> **Problem to solve**:
Give again, unaltered, the lines of the listing below that run from the line having "Λεπτομερής κοντινή λήψη" through the line having "Мерседес на гоночном треке".

+++

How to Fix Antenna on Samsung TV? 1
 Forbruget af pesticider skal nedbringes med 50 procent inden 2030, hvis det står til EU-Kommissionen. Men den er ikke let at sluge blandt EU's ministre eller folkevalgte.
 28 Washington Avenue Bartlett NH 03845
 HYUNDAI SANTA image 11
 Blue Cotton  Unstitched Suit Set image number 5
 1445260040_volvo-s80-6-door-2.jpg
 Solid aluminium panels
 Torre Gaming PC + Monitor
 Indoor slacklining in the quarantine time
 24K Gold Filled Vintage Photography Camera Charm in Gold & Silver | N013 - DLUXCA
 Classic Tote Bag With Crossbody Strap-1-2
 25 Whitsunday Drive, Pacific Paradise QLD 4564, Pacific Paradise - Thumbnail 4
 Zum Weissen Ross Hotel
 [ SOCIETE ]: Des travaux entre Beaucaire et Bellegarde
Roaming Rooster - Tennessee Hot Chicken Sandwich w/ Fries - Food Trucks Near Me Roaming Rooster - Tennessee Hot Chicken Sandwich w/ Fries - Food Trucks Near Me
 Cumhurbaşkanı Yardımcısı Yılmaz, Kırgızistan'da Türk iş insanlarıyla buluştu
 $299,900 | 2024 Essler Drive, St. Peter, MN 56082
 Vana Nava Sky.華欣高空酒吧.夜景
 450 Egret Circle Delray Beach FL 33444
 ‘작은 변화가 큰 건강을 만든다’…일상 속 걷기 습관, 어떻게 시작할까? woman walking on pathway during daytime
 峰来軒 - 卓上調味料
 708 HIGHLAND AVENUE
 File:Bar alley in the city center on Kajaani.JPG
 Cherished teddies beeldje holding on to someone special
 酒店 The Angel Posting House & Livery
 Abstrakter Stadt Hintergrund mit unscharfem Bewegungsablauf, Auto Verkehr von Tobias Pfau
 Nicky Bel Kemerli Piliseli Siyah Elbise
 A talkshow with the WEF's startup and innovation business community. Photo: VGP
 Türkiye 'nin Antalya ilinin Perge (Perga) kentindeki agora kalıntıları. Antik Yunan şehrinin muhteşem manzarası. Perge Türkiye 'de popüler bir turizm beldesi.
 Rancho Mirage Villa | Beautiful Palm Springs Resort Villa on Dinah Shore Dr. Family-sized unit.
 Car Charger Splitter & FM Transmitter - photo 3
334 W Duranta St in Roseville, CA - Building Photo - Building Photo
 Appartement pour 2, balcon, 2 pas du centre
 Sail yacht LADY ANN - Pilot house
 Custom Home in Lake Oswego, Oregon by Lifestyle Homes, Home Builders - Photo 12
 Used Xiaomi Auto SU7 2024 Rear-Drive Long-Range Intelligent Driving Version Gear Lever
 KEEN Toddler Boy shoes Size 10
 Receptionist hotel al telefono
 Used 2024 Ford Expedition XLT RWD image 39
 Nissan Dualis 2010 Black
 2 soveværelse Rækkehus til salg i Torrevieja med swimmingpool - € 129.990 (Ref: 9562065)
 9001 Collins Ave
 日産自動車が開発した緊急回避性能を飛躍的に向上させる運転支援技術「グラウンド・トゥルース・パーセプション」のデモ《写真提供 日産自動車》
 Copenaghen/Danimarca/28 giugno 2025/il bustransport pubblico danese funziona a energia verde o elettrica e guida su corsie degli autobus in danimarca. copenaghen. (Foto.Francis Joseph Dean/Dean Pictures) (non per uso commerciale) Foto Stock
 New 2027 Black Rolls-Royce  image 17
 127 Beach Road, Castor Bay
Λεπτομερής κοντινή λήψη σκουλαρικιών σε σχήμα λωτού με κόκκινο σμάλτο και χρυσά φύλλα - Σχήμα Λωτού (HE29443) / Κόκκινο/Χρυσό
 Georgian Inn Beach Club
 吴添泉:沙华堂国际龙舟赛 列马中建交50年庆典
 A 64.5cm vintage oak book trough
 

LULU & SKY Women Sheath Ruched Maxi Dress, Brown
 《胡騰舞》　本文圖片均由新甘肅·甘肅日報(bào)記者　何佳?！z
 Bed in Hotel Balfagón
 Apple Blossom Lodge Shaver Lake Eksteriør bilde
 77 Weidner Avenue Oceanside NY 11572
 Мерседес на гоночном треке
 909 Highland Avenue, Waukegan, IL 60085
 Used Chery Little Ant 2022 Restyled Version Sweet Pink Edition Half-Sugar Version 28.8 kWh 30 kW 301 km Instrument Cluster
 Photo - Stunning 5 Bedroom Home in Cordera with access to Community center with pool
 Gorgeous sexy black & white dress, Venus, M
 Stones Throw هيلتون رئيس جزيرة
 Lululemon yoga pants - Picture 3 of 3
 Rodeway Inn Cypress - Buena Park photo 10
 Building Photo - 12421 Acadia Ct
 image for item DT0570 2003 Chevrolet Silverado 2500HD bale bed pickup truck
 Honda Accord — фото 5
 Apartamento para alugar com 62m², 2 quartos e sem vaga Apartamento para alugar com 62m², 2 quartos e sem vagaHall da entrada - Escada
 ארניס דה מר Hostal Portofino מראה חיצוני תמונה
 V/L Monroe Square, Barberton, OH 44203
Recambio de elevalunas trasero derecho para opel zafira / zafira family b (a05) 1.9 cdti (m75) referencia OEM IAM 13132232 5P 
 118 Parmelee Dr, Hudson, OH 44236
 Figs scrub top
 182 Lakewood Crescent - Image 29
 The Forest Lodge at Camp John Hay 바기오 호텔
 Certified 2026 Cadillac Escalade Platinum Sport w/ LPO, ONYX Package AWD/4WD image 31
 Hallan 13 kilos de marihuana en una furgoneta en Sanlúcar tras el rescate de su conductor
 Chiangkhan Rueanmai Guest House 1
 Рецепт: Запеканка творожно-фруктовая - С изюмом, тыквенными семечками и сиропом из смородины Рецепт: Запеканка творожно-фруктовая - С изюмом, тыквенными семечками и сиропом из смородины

+++

> **Completed task**:
Λεπτομερής κοντινή λήψη σκουλαρικιών σε σχήμα λωτού με κόκκινο σμάλτο και χρυσά φύλλα - Σχήμα Λωτού (HE29443) / Κόκκινο/Χρυσό
 Georgian Inn Beach Club
 吴添泉:沙华堂国际龙舟赛 列马中建交50年庆典
 A 64.5cm vintage oak book trough
 

LULU & SKY Women Sheath Ruched Maxi Dress, Brown
 《胡騰舞》　本文圖片均由新甘肅·甘肅日報(bào)記者　何佳?！z
 Bed in Hotel Balfagón
 Apple Blossom Lodge Shaver Lake Eksteriør bilde
 77 Weidner Avenue Oceanside NY 11572
 Мерседес на гоночном треке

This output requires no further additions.